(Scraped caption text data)
_____
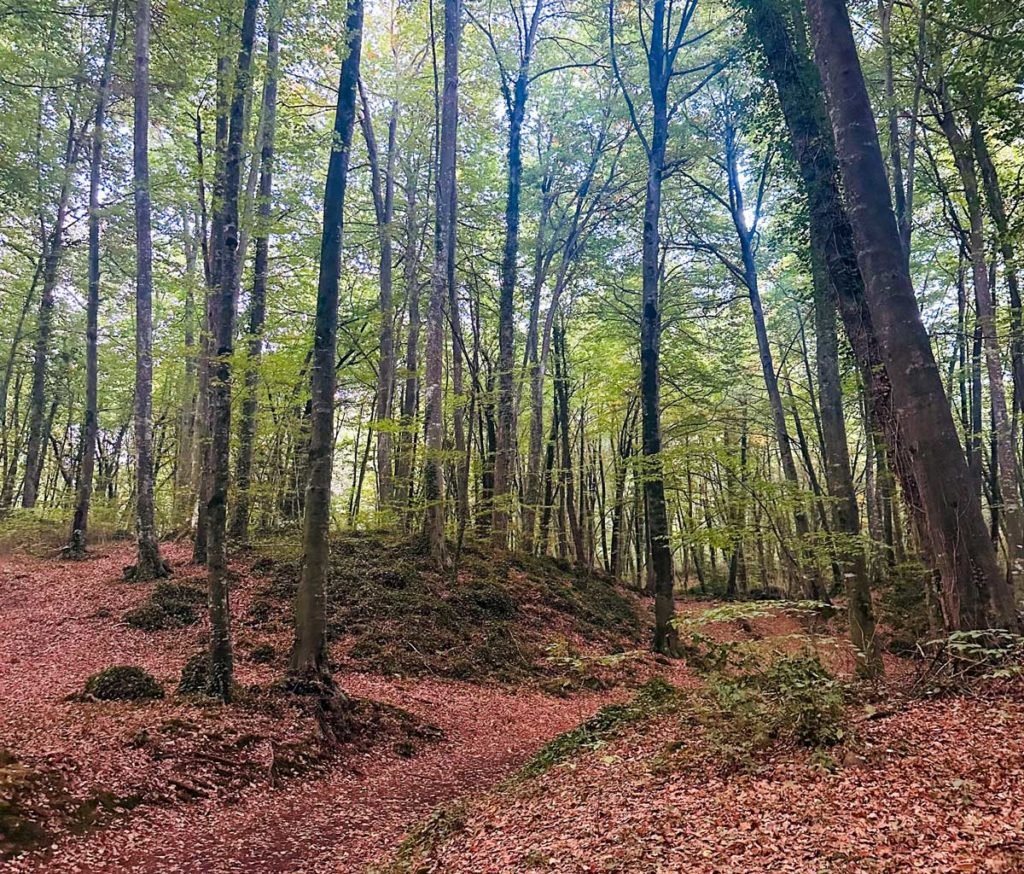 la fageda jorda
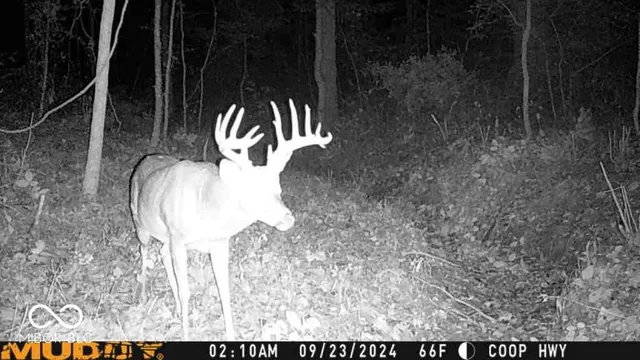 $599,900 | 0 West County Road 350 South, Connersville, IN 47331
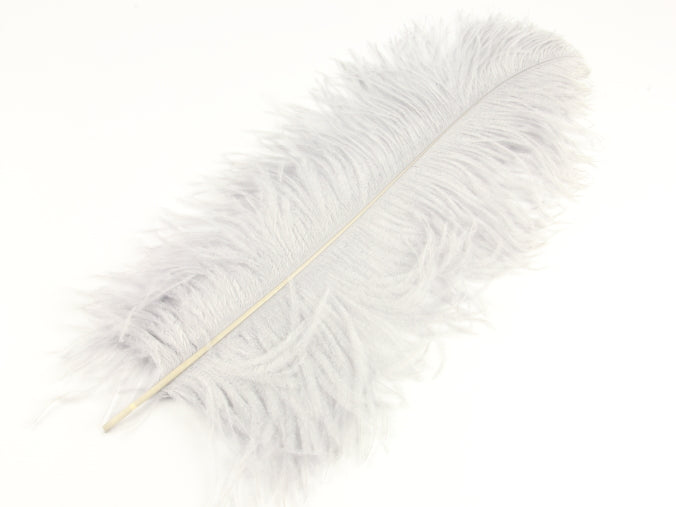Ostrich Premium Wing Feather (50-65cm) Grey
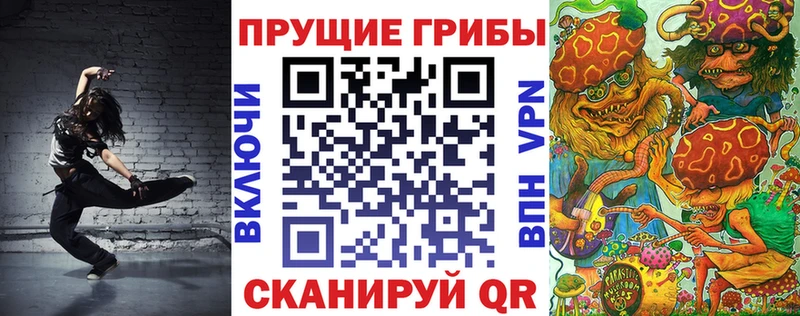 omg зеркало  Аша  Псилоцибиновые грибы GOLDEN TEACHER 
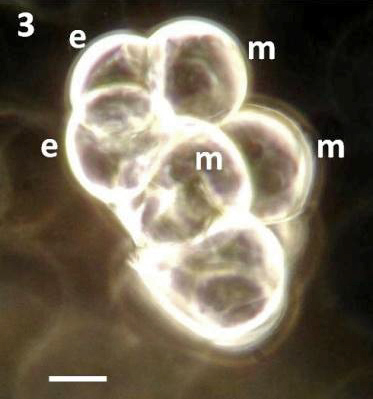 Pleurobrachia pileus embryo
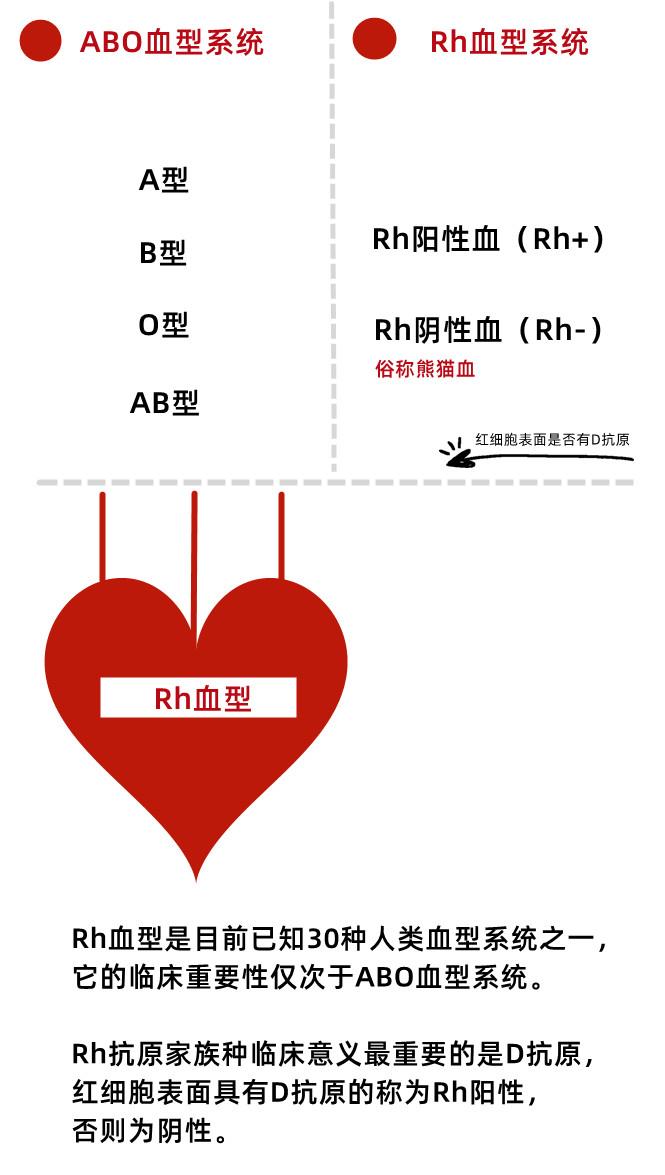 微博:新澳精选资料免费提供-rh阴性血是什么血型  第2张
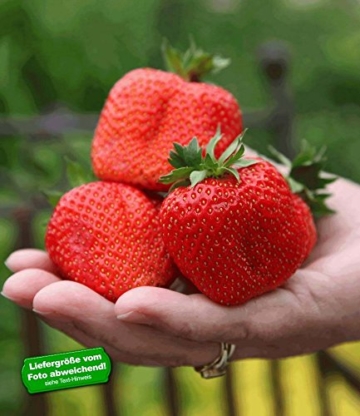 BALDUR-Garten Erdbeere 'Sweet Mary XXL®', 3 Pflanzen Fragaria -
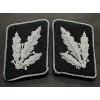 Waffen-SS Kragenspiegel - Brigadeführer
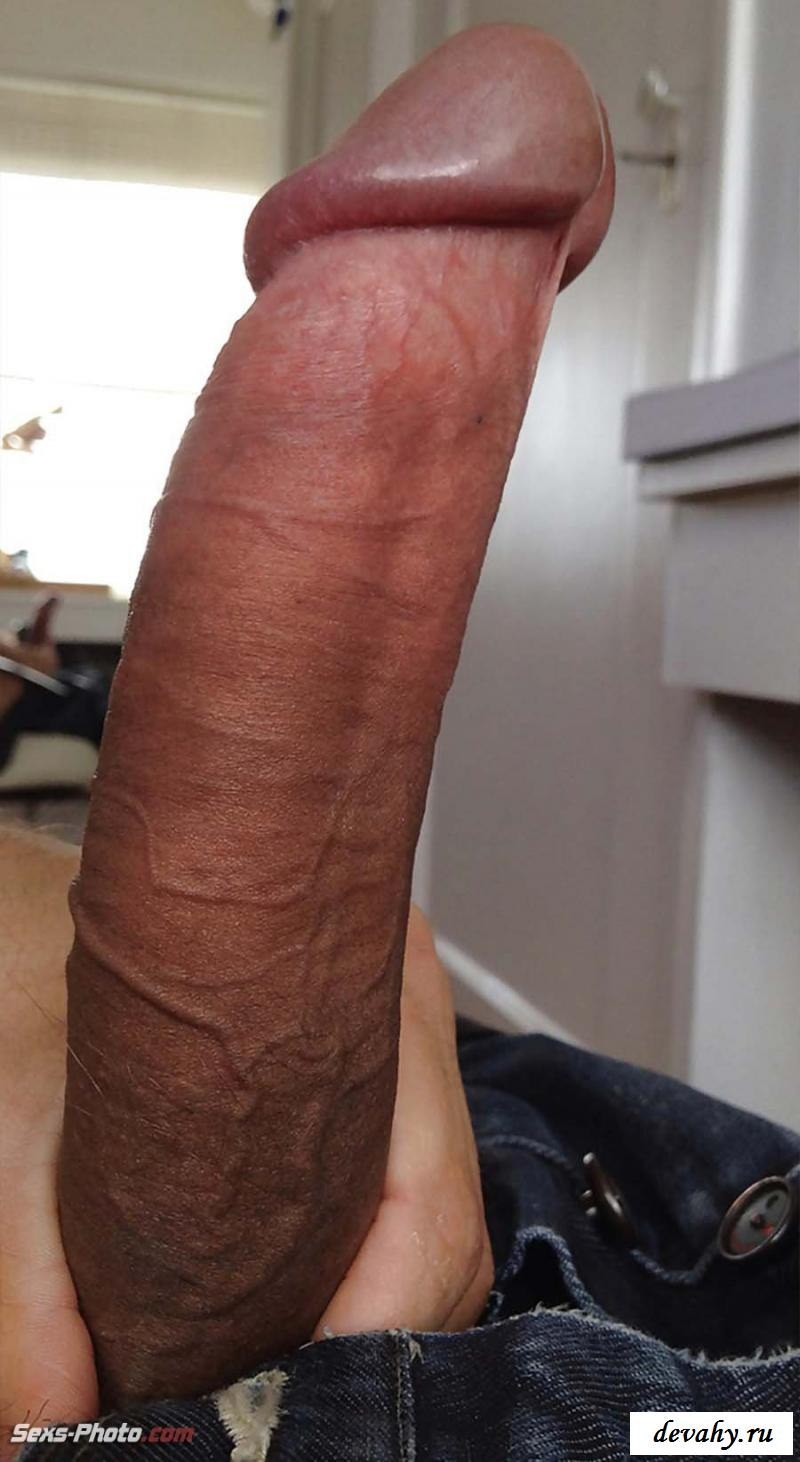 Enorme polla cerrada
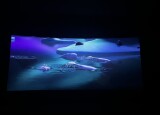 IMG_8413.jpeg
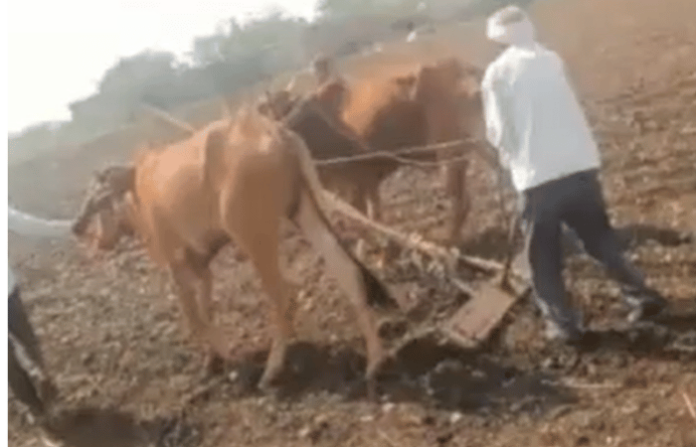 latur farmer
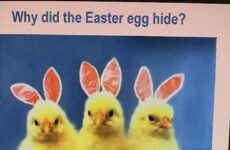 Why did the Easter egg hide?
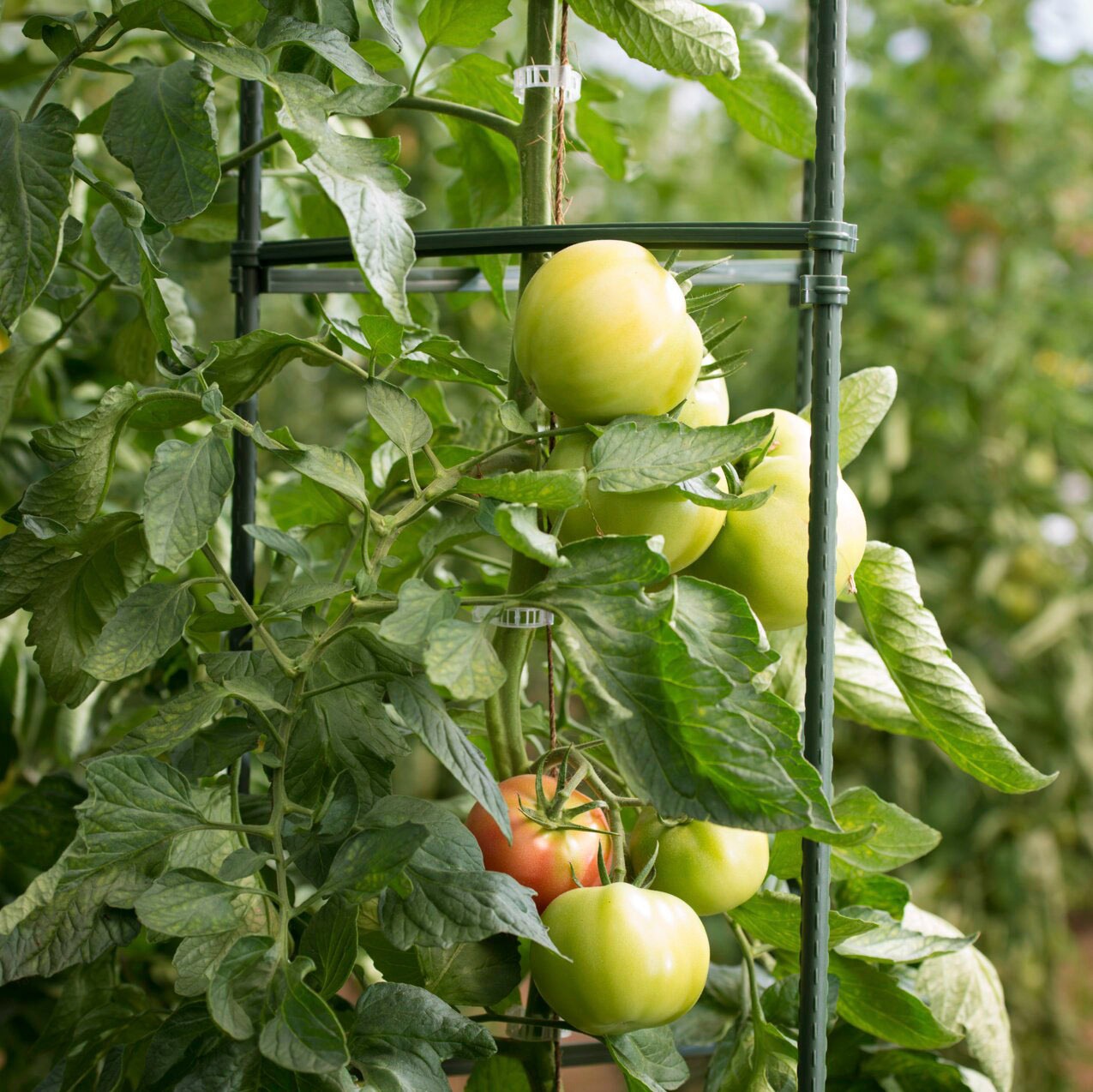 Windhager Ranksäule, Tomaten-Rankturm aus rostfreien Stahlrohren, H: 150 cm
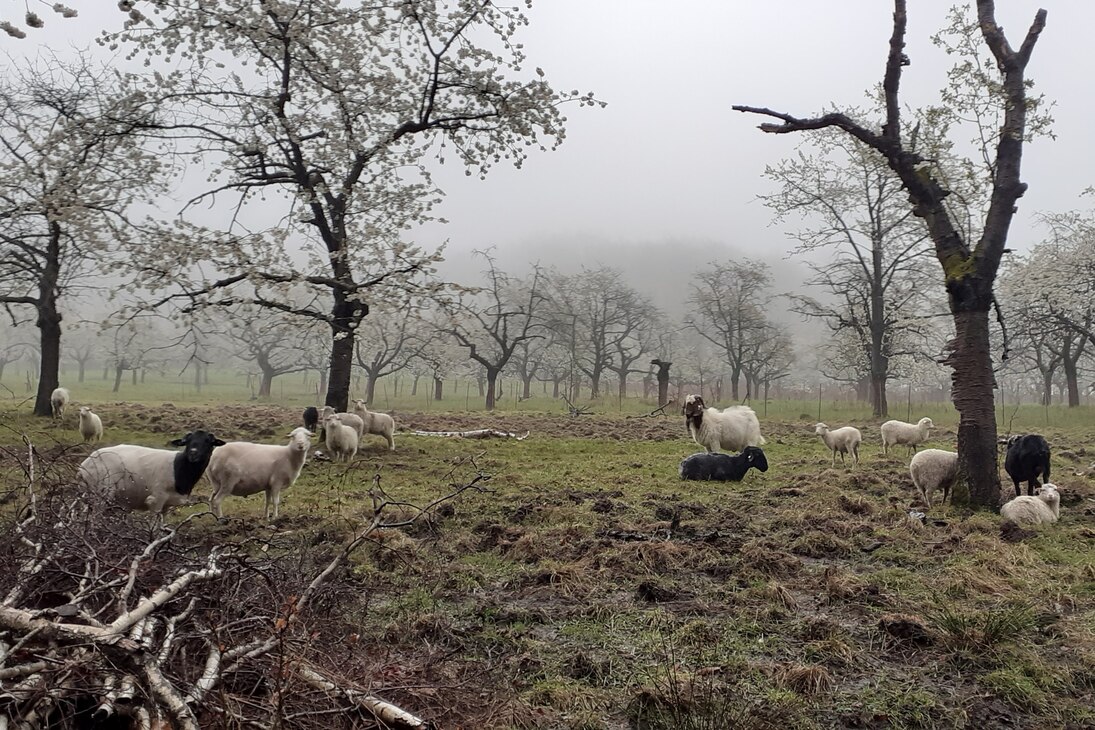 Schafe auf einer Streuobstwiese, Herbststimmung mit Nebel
_____
Exercise instructions =>
Your answer must be the lines from the one containing "BALDUR-Garten Erdbeere 'Sweet" through the last line of the records, printed exactly with no pictures; please include both ends.

Your response =>
 BALDUR-Garten Erdbeere 'Sweet Mary XXL®', 3 Pflanzen Fragaria -
 Waffen-SS Kragenspiegel - Brigadeführer
 Enorme polla cerrada
 IMG_8413.jpeg
 latur farmer
 Why did the Easter egg hide?
 Windhager Ranksäule, Tomaten-Rankturm aus rostfreien Stahlrohren, H: 150 cm
 Schafe auf einer Streuobstwiese, Herbststimmung mit Nebel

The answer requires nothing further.